I am a ex-Army officer but I had no problem in getting a job maybe because i have the electrical engineering degree thats why i got the electrical engineering officer job easily  in reputed company in Miami.


----------



## George Wallace (23 Apr 2011)

careerindia said:
			
		

> I am a ex-Army officer but I had no problem in getting a job maybe because i have the electrical engineering degree thats why i got the electrical engineering officer job easily  in reputed company in Miami.
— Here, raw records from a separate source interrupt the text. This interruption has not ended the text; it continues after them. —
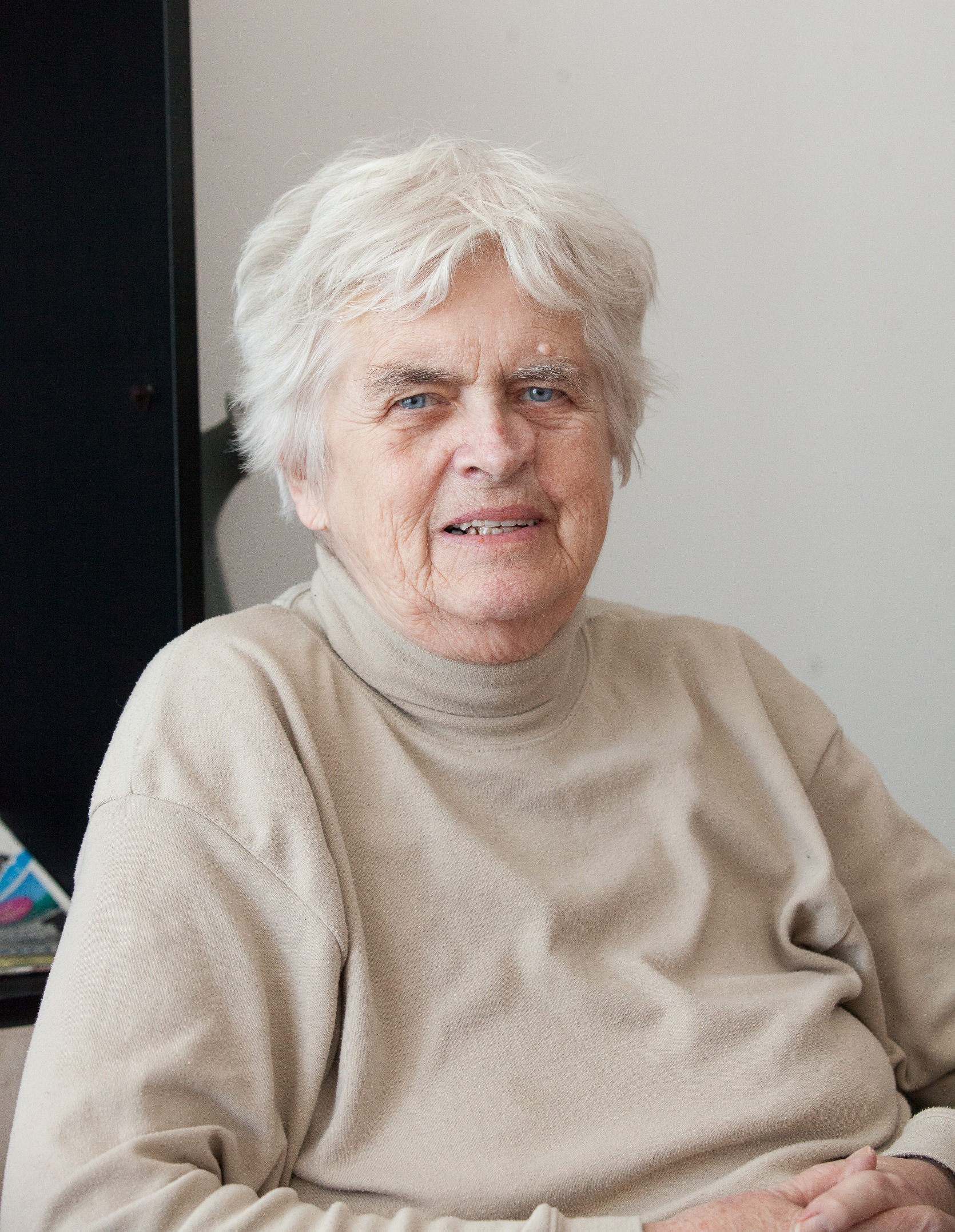 Tatiana Štefanovičová.
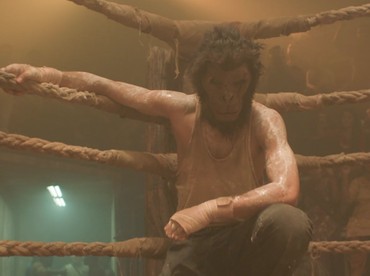 5 Fakta Film 'Monkey Man', Debut Sutradara Dev Patel hingga Syuting di Batam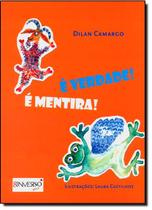 É Verdade! É Mentira! É Verdade! É Mentira!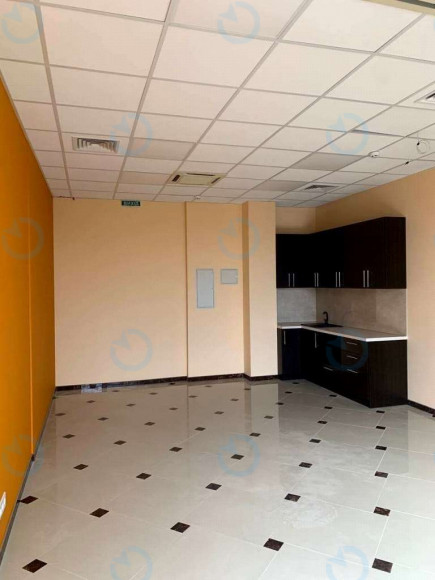 Оренда офісу 186 м.кв 6 поверх Січових Стрільців, 50 - фото 8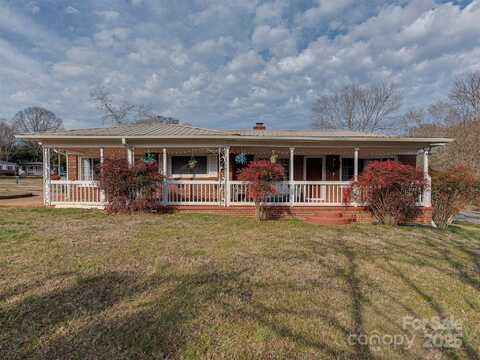 398 S Church Street, Forest City, NC 28043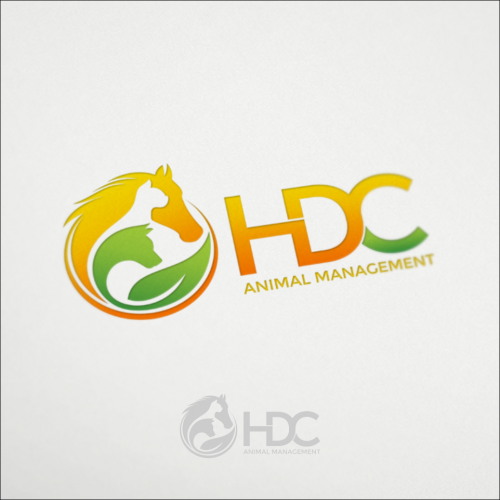 Pet / Animal - Logo Template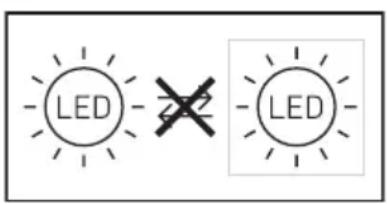 STEINEL L 800 SC - Elektrik böglantı - 1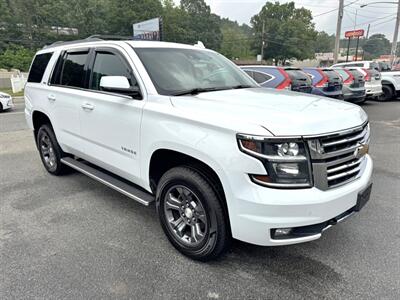 2016 Chevrolet Tahoe LT   - Photo 53 - Rockaway, NJ 07866
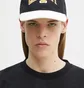 Кепка чоловіча Carhartt WIP Lecture Black I034743.K02XX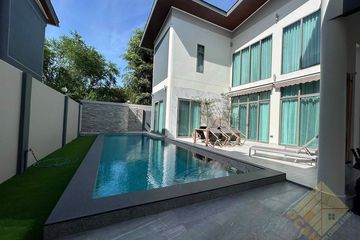 5 Bedroom House for sale in 98 Lakeville Mabprachan, Pong, Chonburi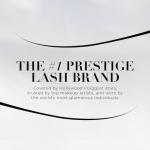 Lilly Lashes Synthetic False Eyelashes - 13mm Natural Look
What army did you serve in and why does your link take us to a job career site in India?


----------



## PMedMoe (23 Apr 2011)

George Wallace said:
			
		

> What army did you serve in



Betting they didn't.



			
				George Wallace said:
			
		

> and why does your link take us to a job career site in India?



Because they're a spammer?  

http://www.technocracytechnate.org/index.php?action=profile;u=1632

http://www.theinfostrides.com/?action=profile;u=6605

http://forum.tradingeye.com/member.php?action=profile&uid=10134

http://www.flashvillage.com/forums/member.php?u=354702

http://www.marksdailyapple.com/forum/member51761.html


----------



## George Wallace (23 Apr 2011)

Thanks Moe.

I was waiting for him/her to answer and perhaps explain how they were working in Miami, but posting from India.  

Oh well; another one bites the dust.


----------



## PMedMoe (23 Apr 2011)

In my experience, spammers usually post once and leave.


----------